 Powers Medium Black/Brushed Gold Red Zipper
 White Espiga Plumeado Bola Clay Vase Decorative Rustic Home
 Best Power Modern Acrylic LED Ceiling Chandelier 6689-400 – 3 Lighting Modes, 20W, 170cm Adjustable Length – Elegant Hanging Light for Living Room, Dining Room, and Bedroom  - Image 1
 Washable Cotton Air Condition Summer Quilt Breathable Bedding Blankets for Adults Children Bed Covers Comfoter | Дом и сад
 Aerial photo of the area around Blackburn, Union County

...

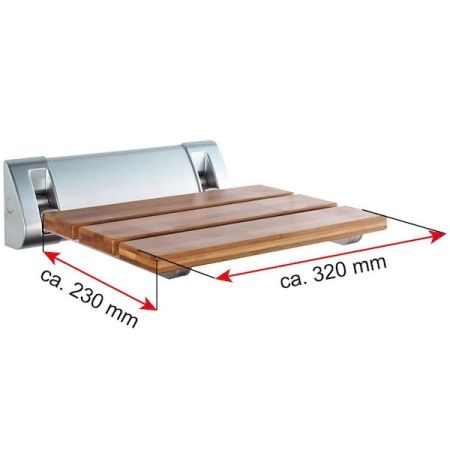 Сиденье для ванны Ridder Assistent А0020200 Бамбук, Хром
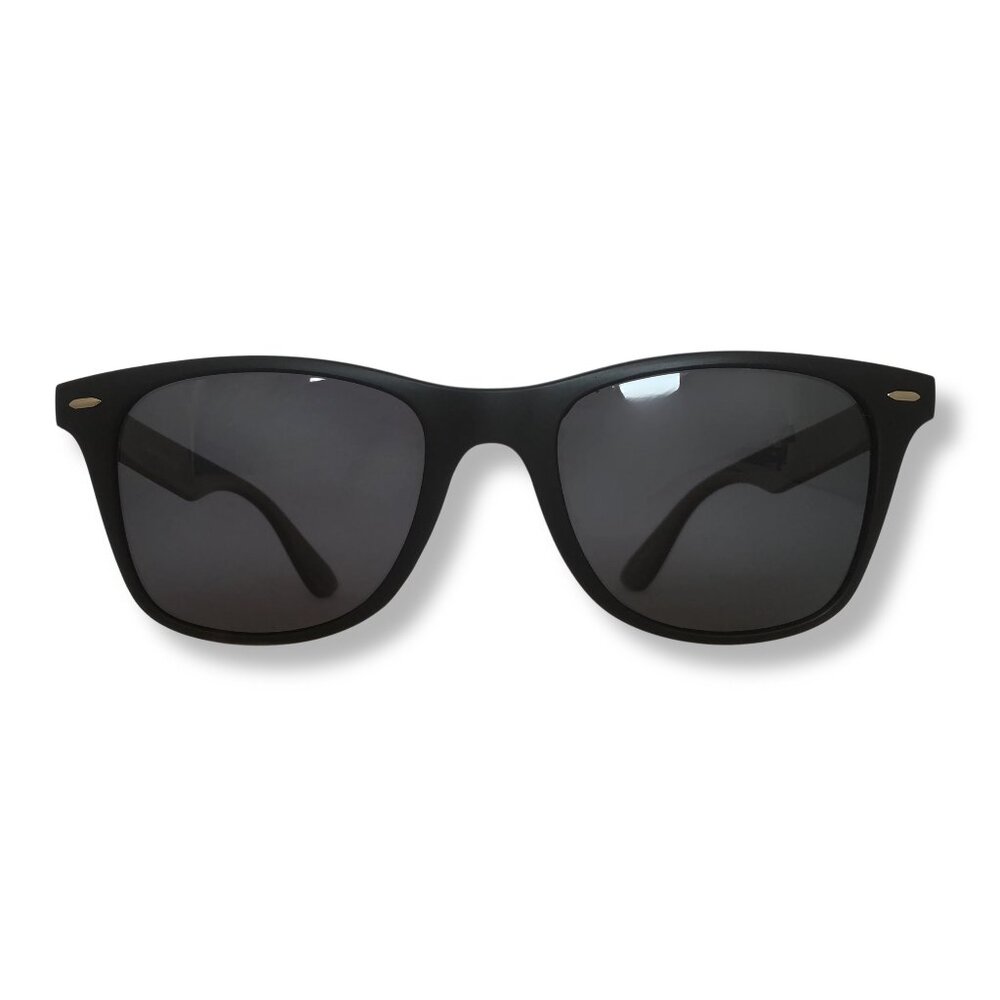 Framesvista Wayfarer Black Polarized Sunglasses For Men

...

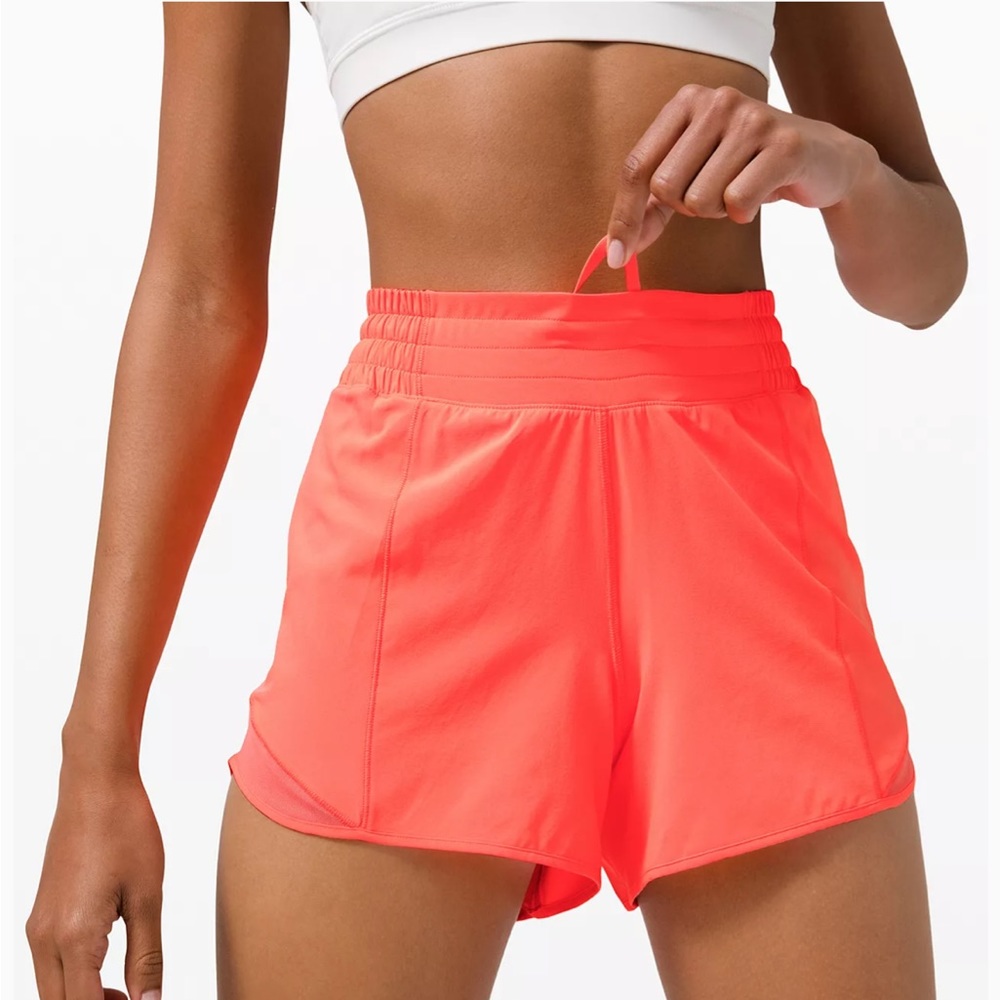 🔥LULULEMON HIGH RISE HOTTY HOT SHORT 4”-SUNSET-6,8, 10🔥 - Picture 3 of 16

> What you have to do
In the listing above, find the line containing "Powers Medium Black/Brushed Gold Red Zipper" and the line containing "Aerial photo of", then retype both and every line between them exactly, with nothing else.

> Expected answer
 Powers Medium Black/Brushed Gold Red Zipper
 White Espiga Plumeado Bola Clay Vase Decorative Rustic Home
 Best Power Modern Acrylic LED Ceiling Chandelier 6689-400 – 3 Lighting Modes, 20W, 170cm Adjustable Length – Elegant Hanging Light for Living Room, Dining Room, and Bedroom  - Image 1
 Washable Cotton Air Condition Summer Quilt Breathable Bedding Blankets for Adults Children Bed Covers Comfoter | Дом и сад
 Aerial photo of the area around Blackburn, Union County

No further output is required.